> Instructions to follow:
Would you reproduce exactly the lines below from the one holding "Yoro Diallo - Fernando Moutchatcha" through the one holding "5X Blender KP-767", inclusive, and no others?

> Records provided:
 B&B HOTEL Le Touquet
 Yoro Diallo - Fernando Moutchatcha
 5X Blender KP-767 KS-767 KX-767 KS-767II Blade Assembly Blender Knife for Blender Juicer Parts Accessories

==

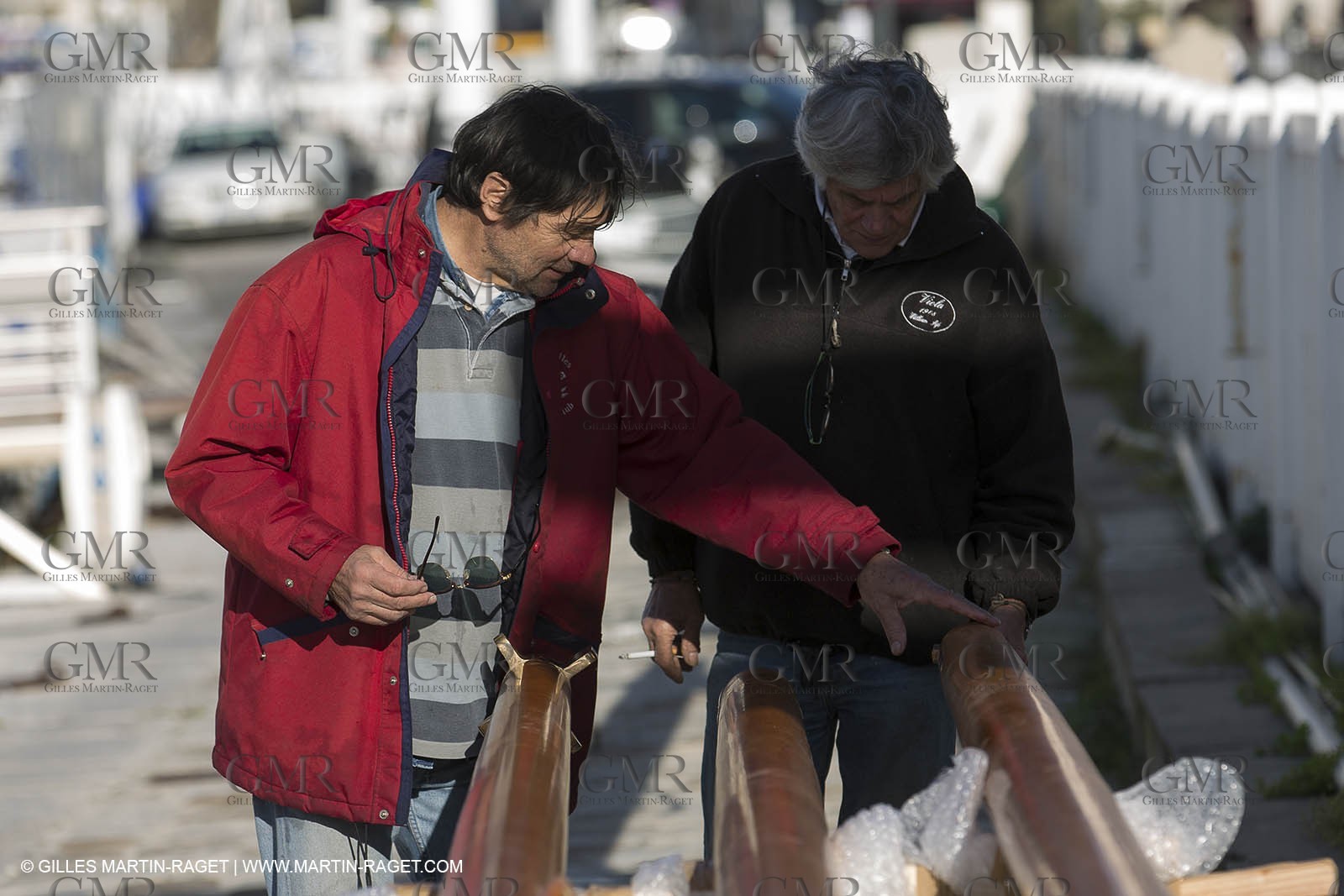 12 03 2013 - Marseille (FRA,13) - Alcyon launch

> Answer box:
 Yoro Diallo - Fernando Moutchatcha
 5X Blender KP-767 KS-767 KX-767 KS-767II Blade Assembly Blender Knife for Blender Juicer Parts Accessories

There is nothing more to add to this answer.